Psychometric properties evaluated included internal consistency using Cronbach's alpha (α), where a value greater than 0.7 is considered acceptable. Item-total and inter-item correlations were also examined. Factor analysis was used to explore the factor structure of measures with more than two items (i.e. GAD-7, CORE-10, SAAS). Based on prior studies it was expected that scales would have one factor, or unidimensional structure, with an eigenvalue >1 used to determine how many factors should be retained. Sampling adequacy was assessed by the Kaiser–Meyer–Olkin (KMO) test, which indicted that the sample size was adequate for factor analysis (GAD-7: 0.88; CORE-10: 0.88; SAAS: 0.93).

Finally, as the five measures were examining similar constructs there should be positive correlations between the measures, demonstrating convergent validity. It was hypothesised there would be large correlations between the GAD-2, GAD-7, CORE-10 and SAAS measures, and a moderate correlation between these and the Whooley, given that it is a depression scale.

Analysis was conducted using Stata for Windows, version 16 or above. The analysis plan was pre-registered on the Open Science Framework (osf.io/yp2ae). Very few data were missing so information on this is given in the Supplementary materials available at https://dx.doi.org/10.1192/bjp.2023.174.

Results

Sample characteristics

The mean age of the sample was 34.2 years (s.d. = 4.6) (Table 1). The majority of participants were married (59.5%) or cohabitating (34.1%), educated to degree level or higher (71.9%) and White British (English, Welsh, Scottish, Northern Irish; 72.5%). Over half the sample (60.1%) had had a previous pregnancy, and just under 40% reported previous mental health problems, predominantly depression and anxiety. Across all time points the combined prevalence of anxiety disorders was 19.9% and depression was 6.0%.

Table 1 Sample characteristics (n = 403)

MINI, Mini-International Neuropsychiatric Interview.

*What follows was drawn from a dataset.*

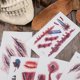 thumbnail image 3 of 8 Sheets Halloween Temporary Bleeding Wound Scar Blood for Party Cosplay Costume Easy to Apply and Long Lasting for Women Men Kids, 3 of 3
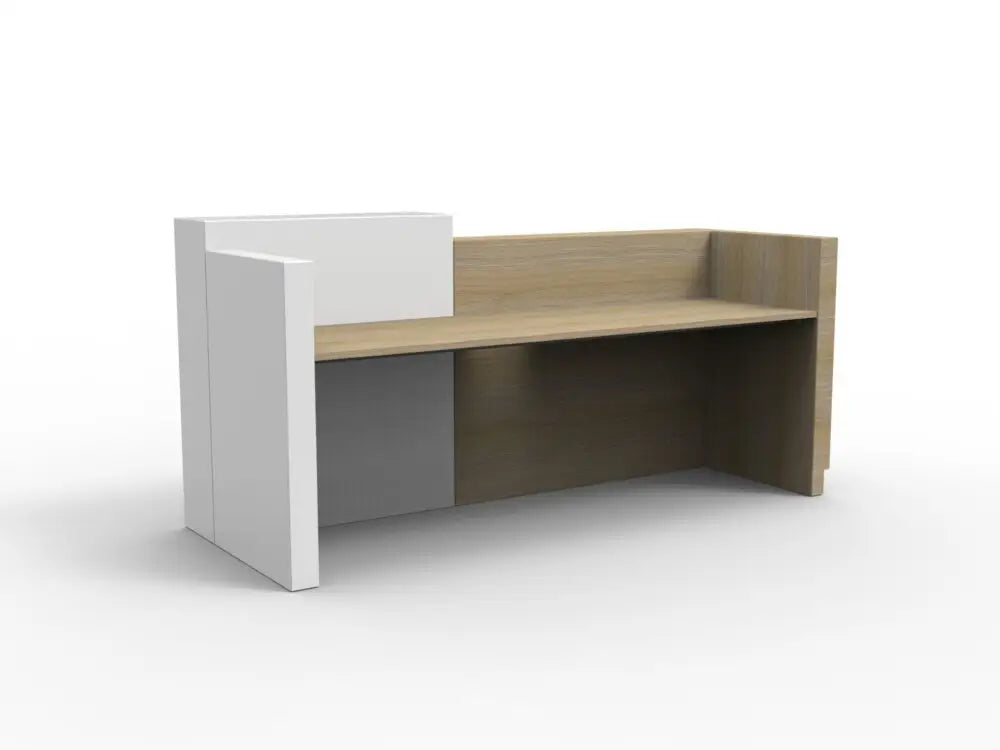 Vogue Reception Counter - Office Furniture - Mclernons Business Base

a. Missing values mean that total n range from 375 to 403.

Diagnostic accuracy

The sensitivity, specificity, and positive and negative likelihood ratio values of the five scales at different cut-off scores are shown in Table 2. The GAD-2 showed good sensitivity and specificity using a cut-off score of 2, not the recommended cut-off score of 3,8 which had poor sensitivity (38%). The GAD-7's optimal cut-off score was also lower than specified in guidelines,8 with a cut-off score of 6 maximising both sensitivity and specificity (64.6% and 75.8% respectively). Again, although specificity was higher at the recommended cut-off score of 8 (88.2%), sensitivity suffered (45.5%).

Table 2 Sensitivity, specificity, positive likelihood ratio (LR+), negative likelihood ratio (LR−) and negative predictive values (NPV) for anxiety diagnosis

GAD-2, two-item Generalized Anxiety Disorder scale; GAD-7, seven-item Generalized Anxiety Disorder scale; CORE-10, ten-item Clinical Outcomes in Routine Evaluation; SAAS, Stirling Antenatal Anxiety Scale; Whooley, Whooley questions.

Values in bold indicate optimal cut-off scores.

The CORE-10 showed good sensitivity (64.6%) and excellent specificity (82.3%) at a cut-off score of 9. The SAAS showed excellent sensitivity (83.5%) and very good specificity (72.7%) at a cut-off score of 9. As per clinical guidelines, a cut-off score of 1 for the Whooley was optimal, with good sensitivity (58.7%) and very good specificity (75.5%).8 Increasing the cut-off score on the Whooley to 2 increased specificity to 92.9% but sensitivity suffered (42.5%).

Figure 2 shows AUROC curves for anxiety and depression for each of the scales. For anxiety, the CORE-10 and SAAS had good discriminative ability (CORE-10: 0.82, 95% CI 0.77–0.88; SAAS: 0.81, 95% CI 0.75–0.87) but the other scales had discriminative ability below the acceptable threshold. The Whooley had the lowest AUROC value (0.70, 95% CI 0.64–0.77) followed by the GAD-2 (0.77, 95% CI 0.72–0.83) and GAD-7 (0.78, 95% CI 0.72–0.84).

Fig. 2 Area under receiver operating curve (AUROC) for all measures for diagnosis of any anxiety disorder and of major depressive disorder.

GAD-2, two-item Generalized Anxiety Disorder scale; GAD-7, seven-item Generalized Anxiety Disorder scale; CORE-10, ten-item Clinical Outcomes in Routine Evaluation; SAAS, Stirling Antenatal Anxiety Scale; Whooley, Whooley questions.

These findings suggest that the CORE-10 and SAAS were the most accurate diagnostic measures. At the optimal cut-off scores identified, the SAAS had the highest sensitivity (probability of a questionnaire score indicating anxiety in someone who does have anxiety) and the CORE-10 had the highest specificity (probability of a questionnaire score indicating no anxiety in someone who does not have anxiety).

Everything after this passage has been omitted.